Only 29.6 per cent of organizations consistently evaluate the outcomes of wellness initiatives, down from 68.6 per cent in 2003, and only 18.6 per cent do a return on investment analysis. If there’s no proof the program is working to either improve health or to save the company money, then it’s going to be the first program to get cut when the business gets tight, said Buffett.

“If you’ve got a wellness program and you’re not measuring outcomes, then you’re wasting your time,” said Buffett.

This is something Lareau at Xerox was well aware of so she used studies that showed wellness programs could bring a return on investment of $3 to $5 for each dollar spent to get support from the executive team.

“It’s really a business case and it was really put forward in that light,” said Lareau. “We’ll know at the end of three years if we managed to contain our costs.”

The company is already well on its way. Last year, before rolling out the program, it piloted the cardiovascular assessment in its call centre in Saint John, N.B. Six months later, these same employees had become more active and lost weight, even without any extra initiatives. Just getting their baseline measurements prompted them to take action and the company saved $1.80 for every dollar spent for the assessment, said Lareau.



Steps to success

Implementing a wellness initiative

Wellness is an important factor in a productive organization, but improving employee wellness is about more than offering flu clinics or CPR courses. It’s important to match wellness initiatives with the health concerns of the organization.
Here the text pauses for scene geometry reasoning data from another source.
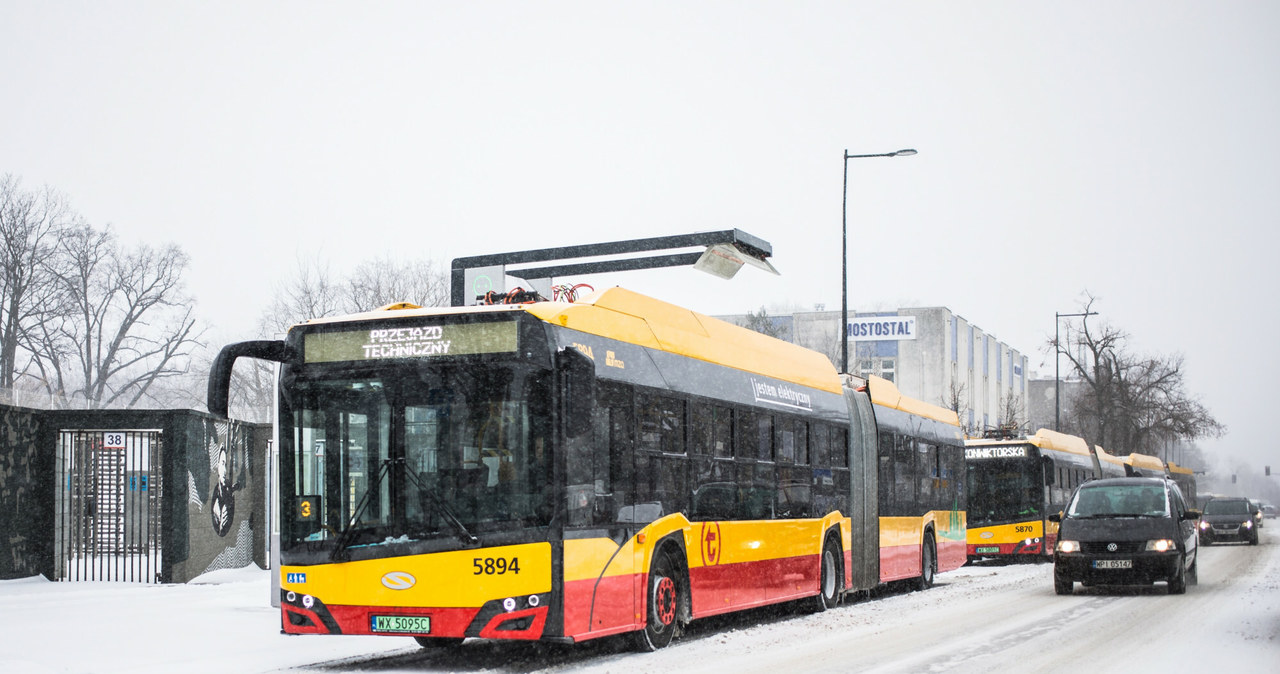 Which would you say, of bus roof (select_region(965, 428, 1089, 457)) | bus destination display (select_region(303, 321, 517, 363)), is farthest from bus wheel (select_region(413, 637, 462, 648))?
bus roof (select_region(965, 428, 1089, 457))

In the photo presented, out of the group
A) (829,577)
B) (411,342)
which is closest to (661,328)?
(411,342)

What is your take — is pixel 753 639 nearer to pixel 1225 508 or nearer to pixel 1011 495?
pixel 1011 495

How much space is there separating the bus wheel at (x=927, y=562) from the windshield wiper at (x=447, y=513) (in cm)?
1329

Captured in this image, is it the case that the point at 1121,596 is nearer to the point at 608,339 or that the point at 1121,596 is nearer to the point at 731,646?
the point at 731,646

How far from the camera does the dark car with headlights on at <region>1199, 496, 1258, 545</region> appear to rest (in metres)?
43.2

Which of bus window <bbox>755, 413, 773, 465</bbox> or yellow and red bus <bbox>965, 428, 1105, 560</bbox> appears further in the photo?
yellow and red bus <bbox>965, 428, 1105, 560</bbox>

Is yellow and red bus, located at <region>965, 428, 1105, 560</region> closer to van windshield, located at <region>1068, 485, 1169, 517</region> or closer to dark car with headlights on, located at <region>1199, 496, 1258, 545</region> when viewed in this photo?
van windshield, located at <region>1068, 485, 1169, 517</region>

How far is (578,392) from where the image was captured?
35.6 feet

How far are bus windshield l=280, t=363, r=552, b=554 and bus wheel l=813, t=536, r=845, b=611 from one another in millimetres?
7704

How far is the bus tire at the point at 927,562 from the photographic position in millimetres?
22672

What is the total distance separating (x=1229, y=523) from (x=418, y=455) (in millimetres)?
39032

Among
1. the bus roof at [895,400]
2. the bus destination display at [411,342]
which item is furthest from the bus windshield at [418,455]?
the bus roof at [895,400]

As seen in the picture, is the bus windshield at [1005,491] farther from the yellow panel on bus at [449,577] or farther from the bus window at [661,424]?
the yellow panel on bus at [449,577]

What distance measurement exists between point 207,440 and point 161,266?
37.8m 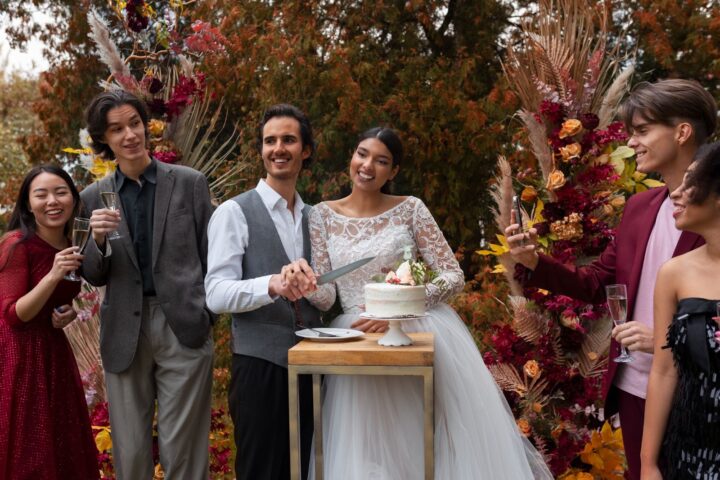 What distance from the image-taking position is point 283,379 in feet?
10.6

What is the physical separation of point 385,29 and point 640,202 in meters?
6.10

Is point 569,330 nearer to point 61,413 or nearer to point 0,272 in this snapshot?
point 61,413

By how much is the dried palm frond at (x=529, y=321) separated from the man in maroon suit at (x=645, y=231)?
4.08ft

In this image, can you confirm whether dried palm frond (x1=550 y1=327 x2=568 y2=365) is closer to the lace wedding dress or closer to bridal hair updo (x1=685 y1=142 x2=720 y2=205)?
the lace wedding dress

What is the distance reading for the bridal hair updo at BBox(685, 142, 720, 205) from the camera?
7.98 feet

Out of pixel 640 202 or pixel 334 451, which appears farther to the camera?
pixel 334 451

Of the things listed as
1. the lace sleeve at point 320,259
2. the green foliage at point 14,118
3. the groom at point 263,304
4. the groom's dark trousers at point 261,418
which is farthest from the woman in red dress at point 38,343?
the green foliage at point 14,118

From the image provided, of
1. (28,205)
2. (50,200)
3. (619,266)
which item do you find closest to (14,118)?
(28,205)

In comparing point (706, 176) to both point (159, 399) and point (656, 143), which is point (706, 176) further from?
point (159, 399)

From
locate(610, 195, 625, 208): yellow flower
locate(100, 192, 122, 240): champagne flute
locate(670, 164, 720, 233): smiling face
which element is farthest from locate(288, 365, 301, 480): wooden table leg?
locate(610, 195, 625, 208): yellow flower

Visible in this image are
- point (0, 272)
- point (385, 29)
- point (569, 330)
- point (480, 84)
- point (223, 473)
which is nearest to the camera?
point (0, 272)

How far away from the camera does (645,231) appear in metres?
2.87

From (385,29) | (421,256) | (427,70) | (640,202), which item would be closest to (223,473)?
(421,256)

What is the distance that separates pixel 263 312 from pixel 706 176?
1.81m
Ed Buffett, president and CEO of wellness consulting firm Buffett and Company Worksite Wellness, offers these tips to developing a successful wellness program.

•Perform a situational analysis to find out the health risks in the organization. This can be done by looking at claims data such as workers’ compensation, prescription drugs and short- and long-term disability.

•Survey employees to find out what they would like.

•Create a steering committee with representatives of all groups from within the organization to make sure all interests are heard. Everyone, regardless of title or location within the organization, should have an equal voice on the committee.

•Set goals. Know what the desired outcome is.

•Measure baseline values so that the outcome of the program can be evaluated.

•Market and promote the program. Aggressive internal marketing can push participation up to 40 to 60 per cent, as opposed to the average 10 per cent. Incentives, such as raffles and prizes, can also boost participation.